50 years ago, one sci-fi movie invented a pivotal new genre


Back in 1972, while the seeds of the modern environmental movement were starting to take root, a sci-fi movie called Silent Running arrived. The emotional elements of this intriguing space film had a seismic impact on viewers of a certain age, one that still resonates in today’s time of climate change.

Directed by Douglas Trumbull, the special effects wizard behind 2001: A Space Odyssey, Blade Runner, and Close Encounters of the Third Kind, Silent Running was a revelatory experience for audiences. Trumbull, who passed away on February 7, 2022, bestowed a quiet grace on the serious subject matter of American Airlines Space Freighters acting as giant greenhouses to protect the flora and fauna of a post-apocalyptic Earth.

This was the Academy Award-winning SFX master’s directorial debut, and the results remain as poignant now as they were half a century ago. Images of a sacred fleet of commercial starships hovering in the black void, parked just outside Saturn’s orbit until our polluted planet is deemed safe again, are as indelible as anything the genre has offered.

Silent Running was released on March 10, in the no-man’s land of Hollywood scheduling, and starred Bruce Dern, Cliff Potts, Ron Rifkin, and Jesse Vint as a team of astronauts aboard the Valley Forge, a gargantuan space conservatory for Earth’s plants, trees, and flowers. As custodians of life now considered unfit to survive on Earth, their job is to monitor and cultivate the biospheres while scientists back home try to clean things up so the plant life can safely be reforested.

Dern, in a performance among his best, plays the sensitive botanist Freeman Lowell, who’s spent eight years tending to diverse species of plants and small animals. When orders arrive to abandon the project and destroy the geodesic domes that harbor the plants, Lowell refuses and resorts to murder to save the last remaining greenhouse.

With the aid of three drones affectionately called Huey, Dewey, and Louie, Lowell stages a fake explosion to cover his tracks and plots an escape course through the rings of Saturn. He gets away, at least for the moment, but keeping his terrarium alive in the depths of space becomes harder and harder, and the film becomes a study of how far Lowell will go for the plant life.

“I had never directed a live-action film before in my life,” Trumbull said in Mark Kermode’s 2014 book about Silent Running. “I really didn’t know anything about screen direction, about master shots, that sort of thing.
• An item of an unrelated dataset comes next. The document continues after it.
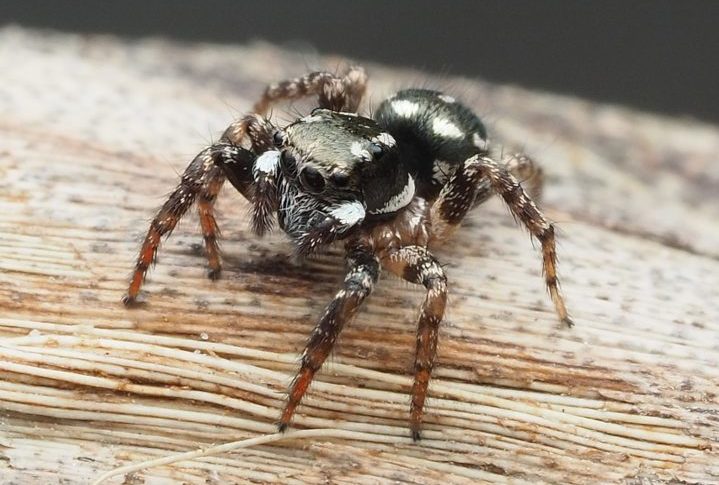 Anasaitis canosa:  Essas aranhas são conhecidas por sua habilidade de pular grandes distâncias para capturar presas. A Anasaitis canosa é conhecida por sua coloração vibrante, sendo muitas vezes verde brilhante com manchas e marcas que ajudam na camuflagem entre as folhas e plantas.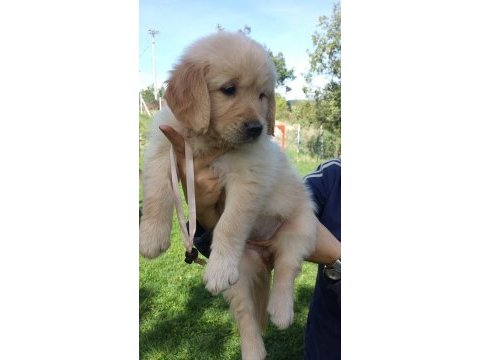 Golden retriever yavruları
But Chuck Wheeler, who was such a great cinematographer, was incredibly helpful to me, as was Harry Sundby, who was the lighting gaffer. They basically trained me how to shoot… I mean, this was really my film school, and they were wonderful with me.”

Screenplay duties went to Deric Washburn, The Deer Hunter’s Michael Cimino, and Steven Bochco of NYPD Blue and Hill Street Blues fame. It’s a short film, barely clocking in at 87 minutes, but it delivers a sentimental cautionary tale, a reminder of our planet’s fragility, and a triumph of the spirit.
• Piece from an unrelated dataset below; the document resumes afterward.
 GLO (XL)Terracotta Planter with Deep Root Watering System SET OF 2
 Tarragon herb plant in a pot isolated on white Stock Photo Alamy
For pre-CGI special effects on a low budget, Silent Running is impressive. Spaceship interiors were shot inside the USS Valley Forge, a mothballed aircraft carrier. For the lush forest sets, Trumbull conjured Eden-like gardens in the cavernous space of a newly built aircraft hanger in Van Nuys, with their design inspired by the Missouri Botanical Garden’s magnificent Climatron dome. And under Trumbull’s close supervision, the 25-foot-long model of the Valley Forge spaceship was created by kitbashing hundreds of plastic models of airplanes, cars, and tanks.

Besides Dern’s intense portrayal of a passionate and slightly off-kilter botanist, the trio of marching drones provide a gentle respite from the film’s violence. They were portrayed by Mark Persons, Steve Brown, Cheryl Sparks, and Larry Whisenhunt, all double amputee actors who achieve the bots’ clunky movements by walking on their hands.
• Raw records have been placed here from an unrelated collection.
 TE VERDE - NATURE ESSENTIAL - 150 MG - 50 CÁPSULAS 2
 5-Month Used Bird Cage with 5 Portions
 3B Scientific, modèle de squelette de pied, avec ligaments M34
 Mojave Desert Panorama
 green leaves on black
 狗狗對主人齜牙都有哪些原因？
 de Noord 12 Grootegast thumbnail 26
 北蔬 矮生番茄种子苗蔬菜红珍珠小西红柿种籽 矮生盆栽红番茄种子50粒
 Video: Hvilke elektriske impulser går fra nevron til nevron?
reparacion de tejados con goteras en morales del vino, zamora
If the design of the drones looks familiar, that’s probably because Universal Pictures was upset at Twentieth Century Fox for imitating their work when creating Star Wars’ beloved R2-D2. A lawsuit was tossed out, although director George Lucas admitted Silent Running had been an inspiration.

“Part of Silent Running’s theme is the relationship between Dern and his drones,” Trumbull explained in a 1972 issue of genre film magazine Castle of Frankenstein. “It's not 2001 — machinery isn't malevolent. They're simply tools. Look, here you have this guy who's a murderer. He's killed three of his friends. He's alone on a vessel that's as isolated from the rest of the population as possible. He begins to crack, to feel his conscience. So he creates companions by reprogramming the drones. An interesting thing.”

Conceived as a counter-culture space adventure, Silent Running was a successful eco-flick that was actually retitled in Italy as 2002: The Second Odyssey as a way to link it to Trumbull’s pioneering work on 2001: A Space Odyssey. While the two films are thematically and stylistically distant, its message still strikes a chord of great importance.

Silent Running remains one of sci-fi cinema’s rare gems, one that provided inspiration to a generations who were touched by the final, tear-jerking image of little Dewey nourishing a tree with a dented child’s watering can.